What needs reproducing is the run of lines in the data below starting at the line with "Imagem: Sobrado com" and ending at the line with "Tarte Maneater Brushes with Makeup Kit", both ends included. Copy it exactly, without pictures, and add nothing.

Data supplied section start

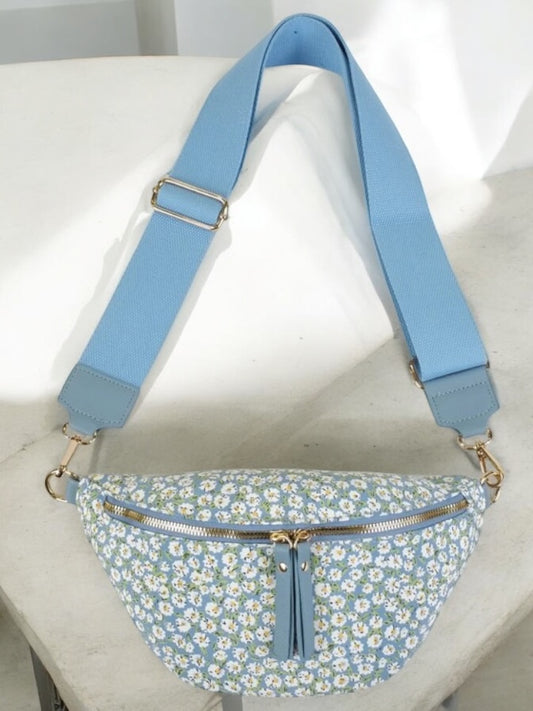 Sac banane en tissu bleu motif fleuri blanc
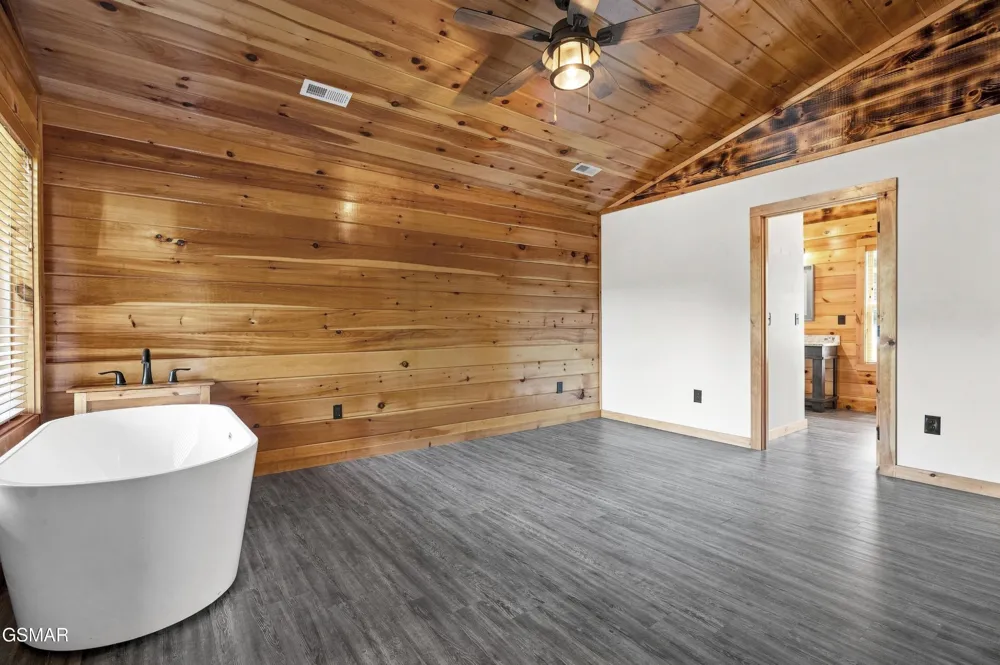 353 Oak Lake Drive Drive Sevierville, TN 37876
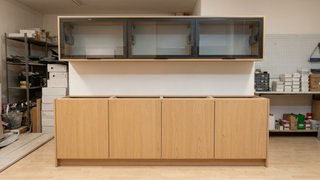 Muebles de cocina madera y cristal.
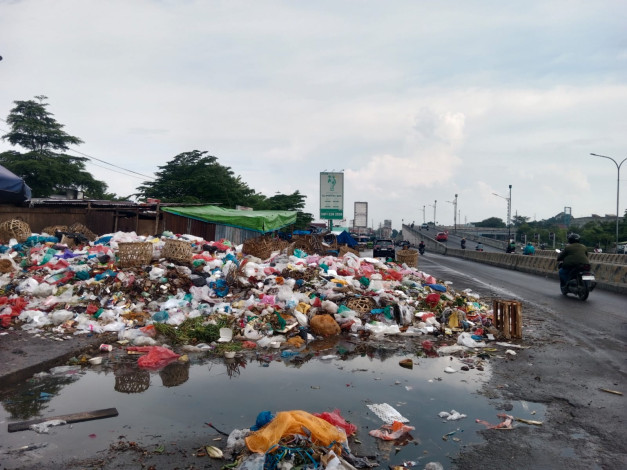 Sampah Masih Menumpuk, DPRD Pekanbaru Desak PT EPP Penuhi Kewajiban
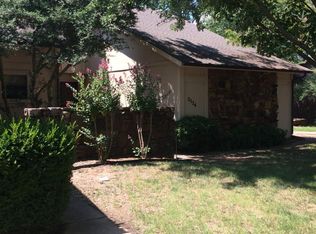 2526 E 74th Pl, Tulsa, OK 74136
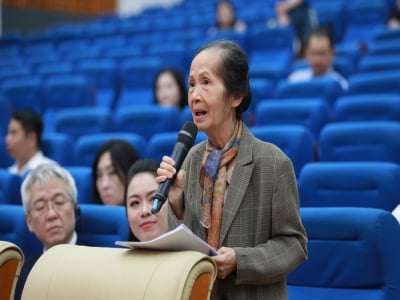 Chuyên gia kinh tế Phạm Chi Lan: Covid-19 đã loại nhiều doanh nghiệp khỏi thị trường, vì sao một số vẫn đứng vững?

Data supplied section end
Data supplied section start

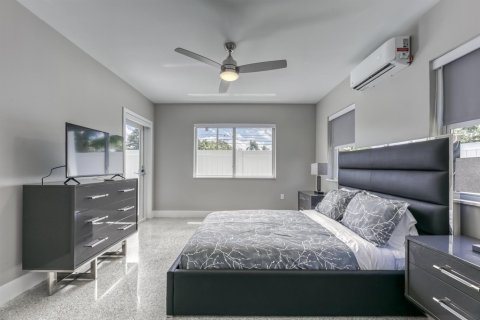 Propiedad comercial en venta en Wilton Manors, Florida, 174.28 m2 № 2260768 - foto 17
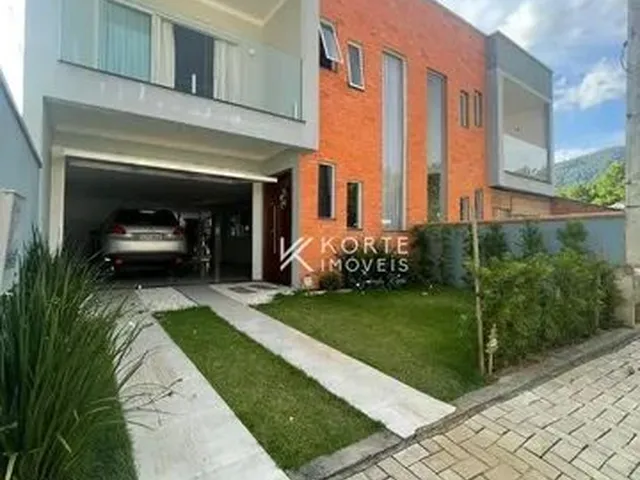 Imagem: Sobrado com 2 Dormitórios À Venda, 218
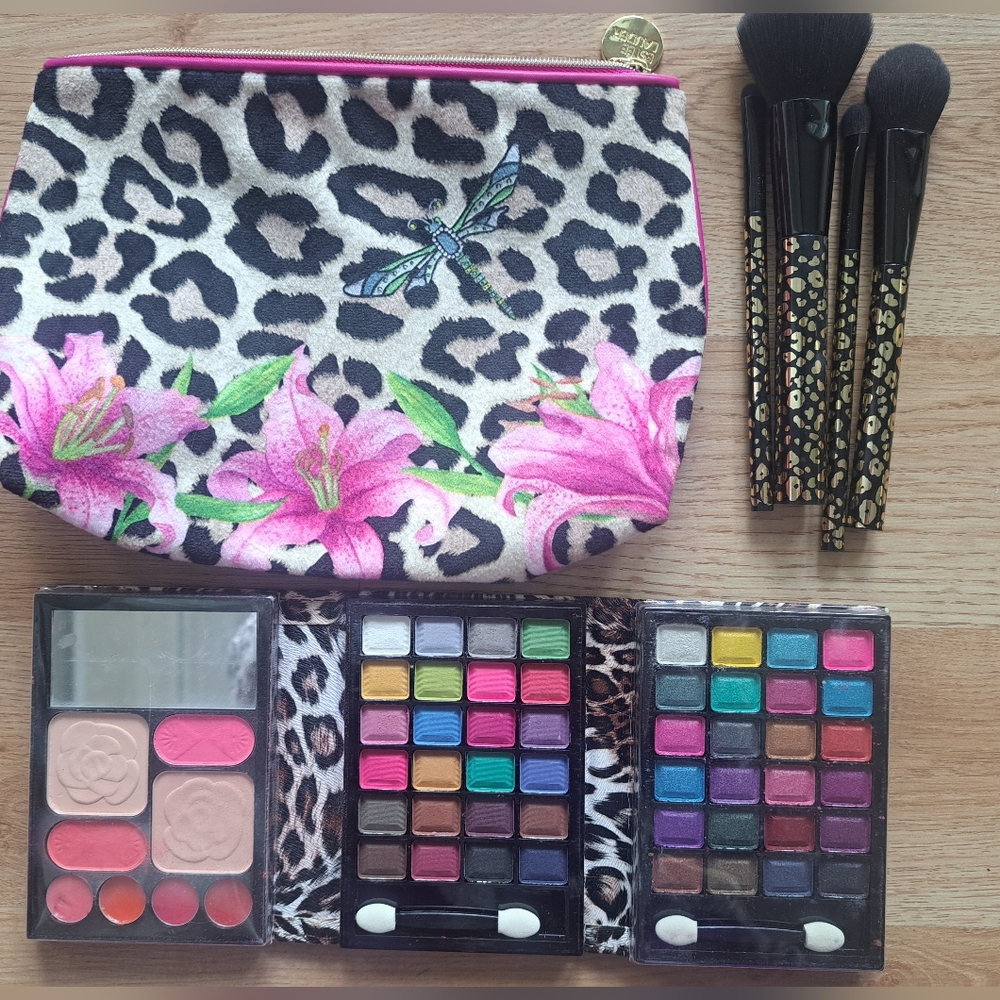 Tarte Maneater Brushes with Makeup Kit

Data supplied section end

Solution for this exercise -
 Imagem: Sobrado com 2 Dormitórios À Venda, 218
 Tarte Maneater Brushes with Makeup Kit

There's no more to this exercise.